Exercise goal:
An unchanged copy of every record below, without pictures, is the goal.

Data for analysis section start

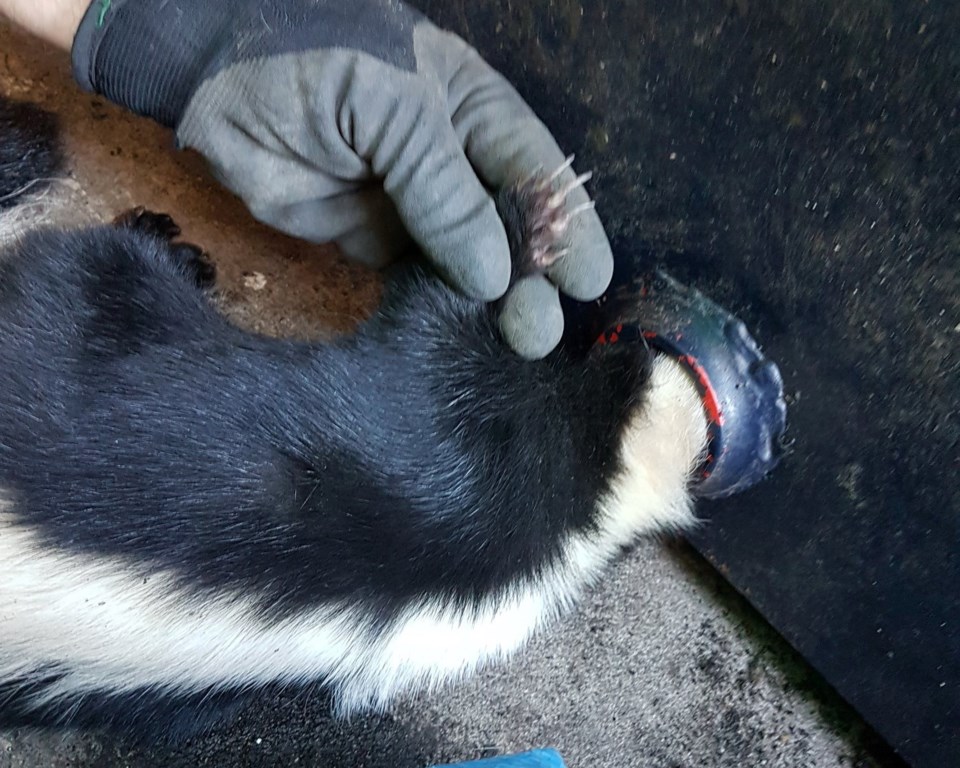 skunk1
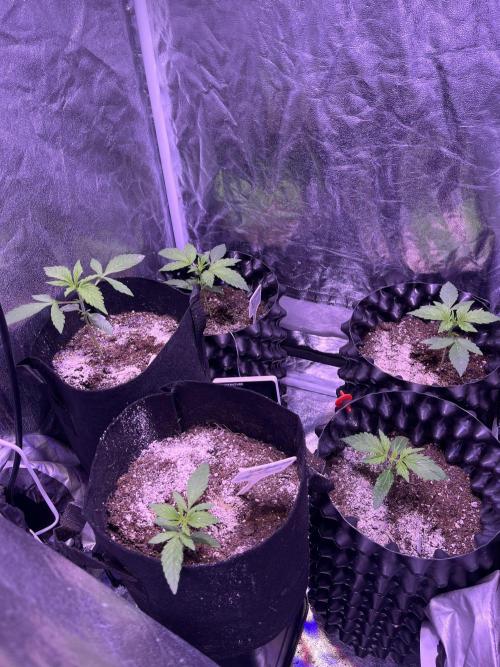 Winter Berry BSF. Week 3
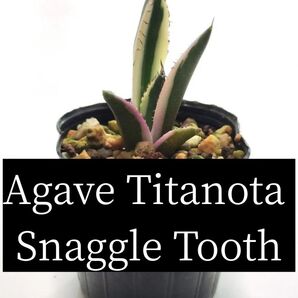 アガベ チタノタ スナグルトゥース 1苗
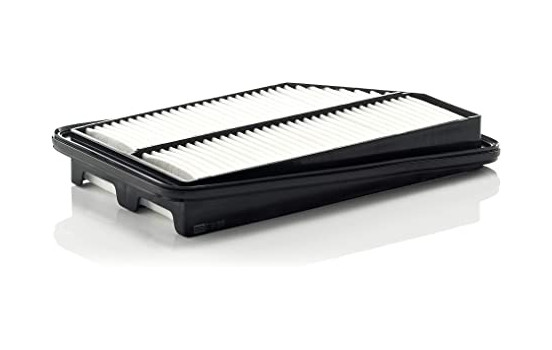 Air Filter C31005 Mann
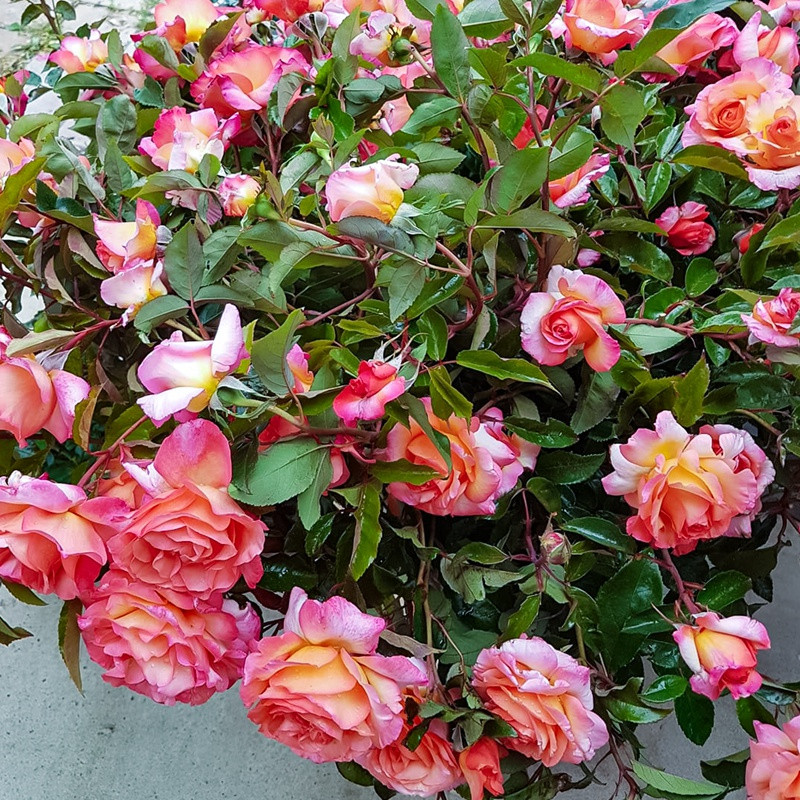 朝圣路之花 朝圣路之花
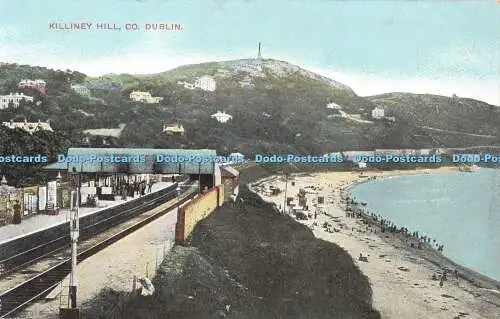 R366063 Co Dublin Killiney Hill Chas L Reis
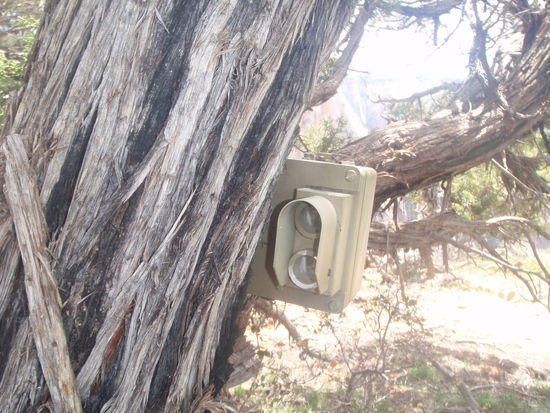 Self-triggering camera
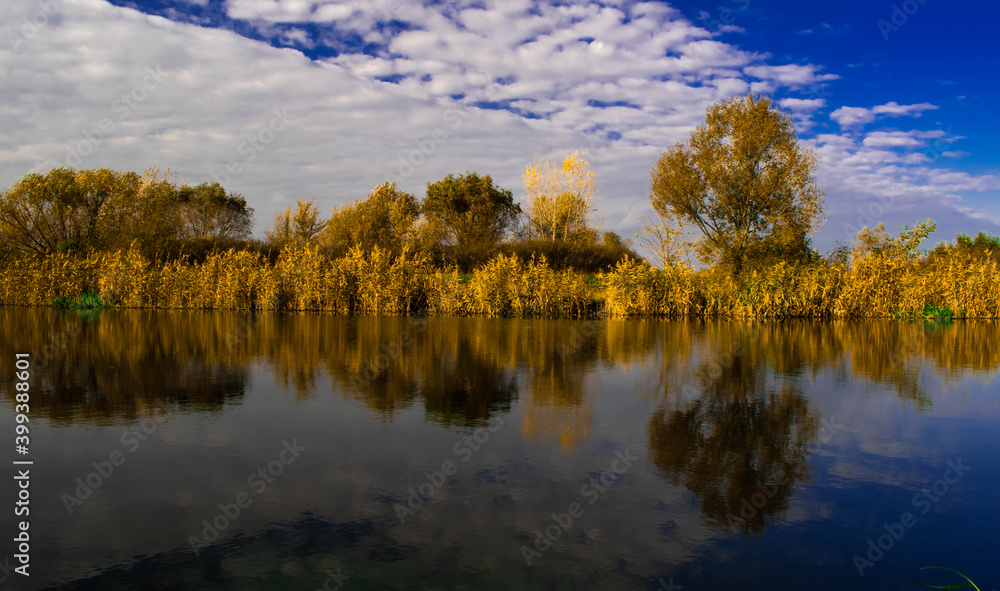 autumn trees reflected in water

Data for analysis section end

Task output:
 skunk1
 Winter Berry BSF. Week 3
 アガベ チタノタ スナグルトゥース 1苗
 Air Filter C31005 Mann
 朝圣路之花 朝圣路之花
 R366063 Co Dublin Killiney Hill Chas L Reis
 Self-triggering camera
 autumn trees reflected in water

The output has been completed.